● **TASK OBJECTIVE**
Each line in the records that mentions the word "subtle" needs to be listed.

● **RECORDS SUPPLIED**
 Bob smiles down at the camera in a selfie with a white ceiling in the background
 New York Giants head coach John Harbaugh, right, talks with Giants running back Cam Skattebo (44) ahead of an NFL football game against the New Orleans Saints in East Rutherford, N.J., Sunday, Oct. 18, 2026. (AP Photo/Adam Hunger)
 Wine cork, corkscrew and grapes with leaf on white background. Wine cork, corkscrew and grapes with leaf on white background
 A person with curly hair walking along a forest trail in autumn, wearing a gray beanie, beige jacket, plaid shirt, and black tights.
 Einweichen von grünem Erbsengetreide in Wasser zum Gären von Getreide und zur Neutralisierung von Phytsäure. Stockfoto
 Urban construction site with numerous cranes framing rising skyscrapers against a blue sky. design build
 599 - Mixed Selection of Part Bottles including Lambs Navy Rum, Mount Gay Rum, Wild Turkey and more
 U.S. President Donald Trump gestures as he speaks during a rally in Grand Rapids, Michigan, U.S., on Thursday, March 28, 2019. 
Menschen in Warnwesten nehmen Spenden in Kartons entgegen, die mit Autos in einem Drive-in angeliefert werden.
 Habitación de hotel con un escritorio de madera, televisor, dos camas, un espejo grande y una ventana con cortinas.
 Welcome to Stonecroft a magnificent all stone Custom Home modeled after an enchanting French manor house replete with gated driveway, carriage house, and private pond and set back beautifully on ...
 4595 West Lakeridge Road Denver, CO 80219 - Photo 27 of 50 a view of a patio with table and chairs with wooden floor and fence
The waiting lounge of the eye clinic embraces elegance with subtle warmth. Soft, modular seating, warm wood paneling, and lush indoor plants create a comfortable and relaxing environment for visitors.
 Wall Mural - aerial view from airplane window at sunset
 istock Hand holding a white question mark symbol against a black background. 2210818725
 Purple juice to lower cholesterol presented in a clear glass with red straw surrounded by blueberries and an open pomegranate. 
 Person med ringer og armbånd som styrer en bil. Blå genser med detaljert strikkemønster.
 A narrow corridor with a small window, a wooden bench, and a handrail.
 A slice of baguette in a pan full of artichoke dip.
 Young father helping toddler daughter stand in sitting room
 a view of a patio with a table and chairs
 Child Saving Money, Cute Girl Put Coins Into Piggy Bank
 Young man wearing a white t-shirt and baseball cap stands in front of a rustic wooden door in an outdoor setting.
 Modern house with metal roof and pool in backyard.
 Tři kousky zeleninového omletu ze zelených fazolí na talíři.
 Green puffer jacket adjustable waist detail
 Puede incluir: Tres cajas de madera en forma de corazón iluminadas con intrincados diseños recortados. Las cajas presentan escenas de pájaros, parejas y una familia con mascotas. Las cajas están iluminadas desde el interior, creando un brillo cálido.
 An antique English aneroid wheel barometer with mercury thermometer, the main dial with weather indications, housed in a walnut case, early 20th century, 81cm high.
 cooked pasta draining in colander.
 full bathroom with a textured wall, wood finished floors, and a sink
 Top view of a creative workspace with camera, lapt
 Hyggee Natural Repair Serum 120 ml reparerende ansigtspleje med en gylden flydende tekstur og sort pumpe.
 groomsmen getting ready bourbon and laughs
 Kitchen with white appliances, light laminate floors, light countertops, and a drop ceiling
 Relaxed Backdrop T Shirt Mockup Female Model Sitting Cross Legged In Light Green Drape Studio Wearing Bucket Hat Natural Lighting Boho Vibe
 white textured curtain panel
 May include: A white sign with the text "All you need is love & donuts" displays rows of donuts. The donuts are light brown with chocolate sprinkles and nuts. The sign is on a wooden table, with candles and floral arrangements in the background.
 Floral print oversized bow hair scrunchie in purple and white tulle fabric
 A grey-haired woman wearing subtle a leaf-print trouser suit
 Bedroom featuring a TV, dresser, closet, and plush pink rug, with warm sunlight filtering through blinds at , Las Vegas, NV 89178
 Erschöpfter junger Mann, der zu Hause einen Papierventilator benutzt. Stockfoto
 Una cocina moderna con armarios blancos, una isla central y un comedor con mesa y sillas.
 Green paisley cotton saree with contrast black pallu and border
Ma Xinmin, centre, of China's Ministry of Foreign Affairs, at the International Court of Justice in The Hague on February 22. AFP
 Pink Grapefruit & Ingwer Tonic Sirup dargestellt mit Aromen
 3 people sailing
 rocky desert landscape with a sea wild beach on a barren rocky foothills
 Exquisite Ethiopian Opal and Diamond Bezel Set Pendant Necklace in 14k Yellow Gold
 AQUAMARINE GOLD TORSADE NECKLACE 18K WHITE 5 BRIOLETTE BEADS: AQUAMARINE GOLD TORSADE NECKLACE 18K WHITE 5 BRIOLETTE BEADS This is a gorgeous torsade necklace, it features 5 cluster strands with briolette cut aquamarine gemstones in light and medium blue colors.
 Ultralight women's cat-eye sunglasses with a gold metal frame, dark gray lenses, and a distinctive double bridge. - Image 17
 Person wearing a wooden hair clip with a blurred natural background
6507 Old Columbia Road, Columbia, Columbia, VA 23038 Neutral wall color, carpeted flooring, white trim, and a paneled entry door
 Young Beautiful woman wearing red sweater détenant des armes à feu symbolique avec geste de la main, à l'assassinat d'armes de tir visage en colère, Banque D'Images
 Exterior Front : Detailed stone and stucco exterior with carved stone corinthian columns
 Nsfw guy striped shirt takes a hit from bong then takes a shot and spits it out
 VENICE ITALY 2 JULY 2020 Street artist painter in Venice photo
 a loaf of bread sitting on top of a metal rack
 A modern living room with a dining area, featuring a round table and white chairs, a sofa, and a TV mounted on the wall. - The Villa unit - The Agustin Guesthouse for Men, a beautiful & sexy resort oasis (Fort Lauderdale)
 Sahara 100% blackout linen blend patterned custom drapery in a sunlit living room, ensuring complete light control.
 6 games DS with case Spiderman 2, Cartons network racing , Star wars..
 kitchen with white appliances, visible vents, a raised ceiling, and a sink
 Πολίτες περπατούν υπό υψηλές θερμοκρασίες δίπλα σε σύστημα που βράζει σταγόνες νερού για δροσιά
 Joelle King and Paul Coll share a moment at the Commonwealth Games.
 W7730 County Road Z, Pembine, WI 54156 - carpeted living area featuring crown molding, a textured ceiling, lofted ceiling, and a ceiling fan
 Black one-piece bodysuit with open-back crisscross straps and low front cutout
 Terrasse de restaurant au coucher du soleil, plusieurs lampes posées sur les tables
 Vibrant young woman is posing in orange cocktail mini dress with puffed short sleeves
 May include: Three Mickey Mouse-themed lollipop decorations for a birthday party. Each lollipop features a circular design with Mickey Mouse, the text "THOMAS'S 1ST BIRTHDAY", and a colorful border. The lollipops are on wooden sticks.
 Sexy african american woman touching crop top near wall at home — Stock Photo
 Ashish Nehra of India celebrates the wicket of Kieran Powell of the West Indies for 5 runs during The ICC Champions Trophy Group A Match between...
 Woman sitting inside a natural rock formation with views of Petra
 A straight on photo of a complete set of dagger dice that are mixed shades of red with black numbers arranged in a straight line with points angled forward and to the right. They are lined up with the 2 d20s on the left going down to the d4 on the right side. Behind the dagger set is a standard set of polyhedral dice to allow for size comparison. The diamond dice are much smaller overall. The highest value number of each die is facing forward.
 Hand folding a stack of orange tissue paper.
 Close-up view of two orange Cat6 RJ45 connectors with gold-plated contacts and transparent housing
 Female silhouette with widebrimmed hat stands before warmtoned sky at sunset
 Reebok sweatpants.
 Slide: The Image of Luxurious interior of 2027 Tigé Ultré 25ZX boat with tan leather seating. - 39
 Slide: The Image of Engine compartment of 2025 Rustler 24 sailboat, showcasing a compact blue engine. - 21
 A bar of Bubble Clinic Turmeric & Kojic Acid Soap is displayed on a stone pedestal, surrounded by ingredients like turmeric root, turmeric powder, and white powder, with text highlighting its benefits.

● **WRITTEN SOLUTION**
The waiting lounge of the eye clinic embraces elegance with subtle warmth. Soft, modular seating, warm wood paneling, and lush indoor plants create a comfortable and relaxing environment for visitors.
 A grey-haired woman wearing subtle a leaf-print trouser suit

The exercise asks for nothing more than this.